INGREDIENTS:
2 # boneless, skinless chicken breast cut in half horizontally
1 onion, slices
2 cloves garlic, minced
1 T oregano
1 T cumin
3-4 chipotle en adobo, minced (or to taste)
1 14.5 oz. can diced tomatoes
1 C chicken stock
¼ C orange marmalade
Juice of 1 orange
¼ c fresh cilantro, chopped
18 corn tortillas, warmed
Limes, sliced radish, pickled red onion, cilantro for serving
METHOD:
In a large saucepan, heat oil over medium high heat. Add onion and cook until lightly browned and fragrant. Add garlic, oregano, cumin and minced chipotle and sauté briefly.
Add chicken breast, canned tomatoes and 1 C chicken stock to saucepan. Stir well and bring mixture up to a boil. Reduce heat to low and cover pot with a tight fitting lid. Simmer for 10-12 minutes or until chicken registers 165 degrees on an instant read thermometer. Transfer chicken to a large plate and allow to cool slightly. Using two forks, shred chicken into bite-size pieces. Set aside.

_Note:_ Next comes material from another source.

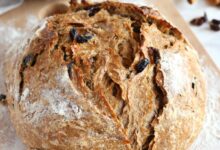 No knead cinnamon and raisin bread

Stir marmalade into cooking liquid and allow to thicken until reduced by 1/3. Once reduced, add shredded chicken back to sauce and stir to coat evenly. Turn off heat and stir in juice of 1 orange and chopped cilantro. Adjust salt and pepper.
Place all taco bar elements on table so everyone can customize their own taco creations.